I am seeing similar issues

2024-02-20T09:21:25.663269Z ERROR transform{component_kind="transform" component_id=kubernetes_application component_type=remap component_name=kubernetes_application}: vector::topology: An error occurred that Vector couldn't handle: failed to encode record: BufferTooSmall.
2024-02-20T09:21:25.663344Z  INFO vector: Vector has stopped.
2024-02-20T09:21:25.663365Z ERROR transform{component_kind="transform" component_id=route_logs component_type=route component_name=route_logs}: vector::topology: An error occurred that Vector couldn't handle: receiver disconnected.
2024-02-20T09:21:25.676755Z ERROR transform{component_kind="transform" component_id=containerlogs component_type=remap component_name=containerlogs}: vector::topology: An error occurred that Vector couldn't handle: receiver disconnected.
2024-02-20T09:21:25.680198Z  INFO vector::topology::running: Shutting down... Waiting on running components. remaining_components="splunk_kube_audit, fluentbit, kubernetes_application, prometheus_exporter, splunk_container_logs, kubernetes_audit, httpd, vector_metrics, kubernetes_infrastructure, route_logs, journal_logs, containerlogs" time_remaining="59 seconds left"

The containers exists upon certain load , around 10k events/sec.

kefiras commented 1 week ago

@awangc have You managed to find the root cause or workaround ? I've seen similar issues while sending logs from upstream vector pods that are part of OpenShift and the default batch size is 10MB I believe.

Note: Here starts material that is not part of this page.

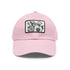 Colorful blossom burst baseball cap with hand-drawn flowers, white rectangle patch.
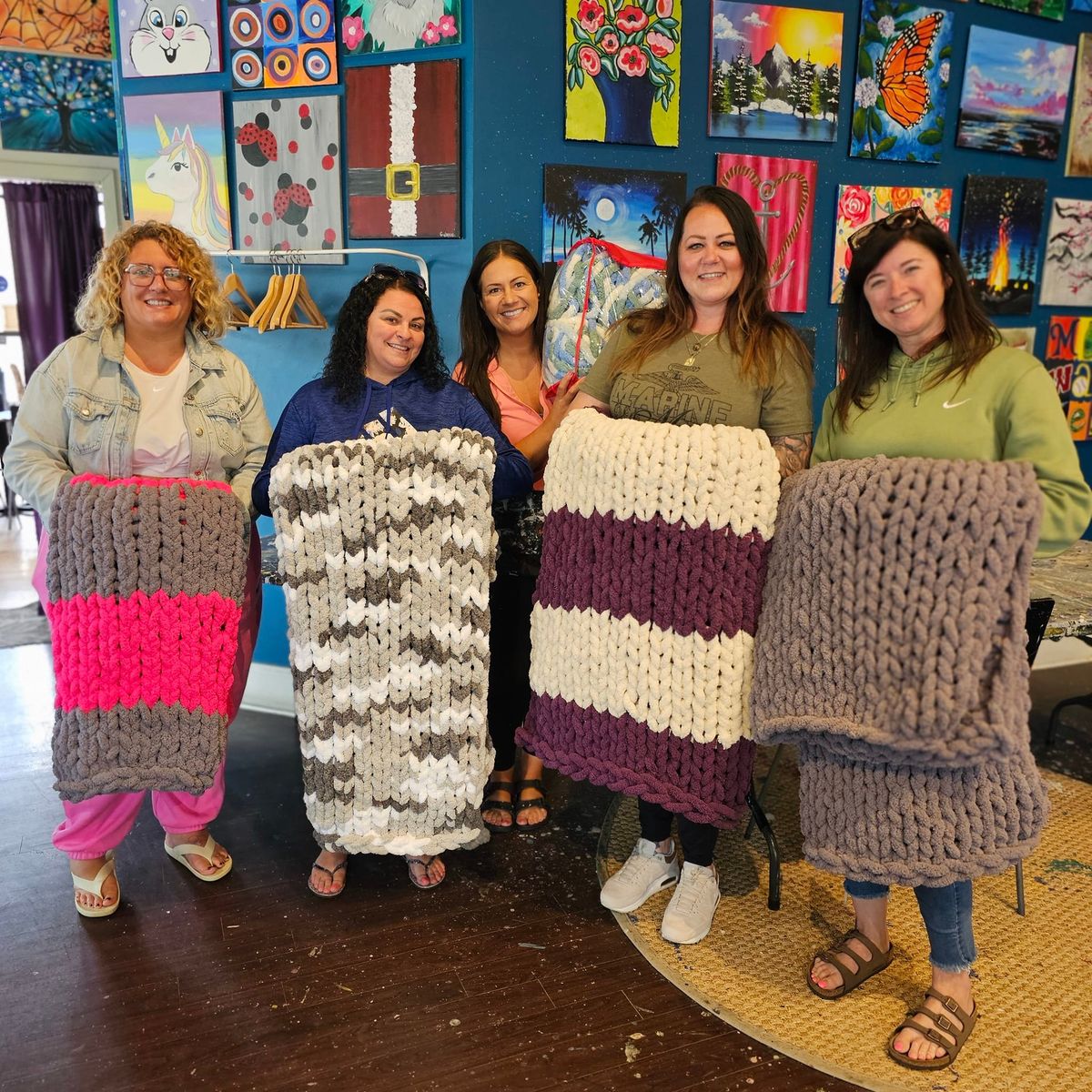 3 SPOTS LEFT! Nov 12th - Art\u00e9 Wine and Painting Studio Chunky Knit Blanket Workshop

I've been testing with sending just generic nginx logs so really small events. Upon certain load the vector would exit with same error related to the buffer. I have observed the issue not happening when the batch size on upstream vector is set to 1MB (so 10 times less).

@jszwedko is there any doc how are the transforms related to a disk buffers ?

jszwedko commented 1 week ago

@jszwedko is there any doc how are the transforms related to a disk buffers ?

Transforms emit data to an output channel which is then consumed by buffers. Is that the sort of detail you were looking for? Or do you have different sort of question?

For this issue, I know it is a lot to ask, but if anyone is able to create a standalone reproduction, that would aid with debugging.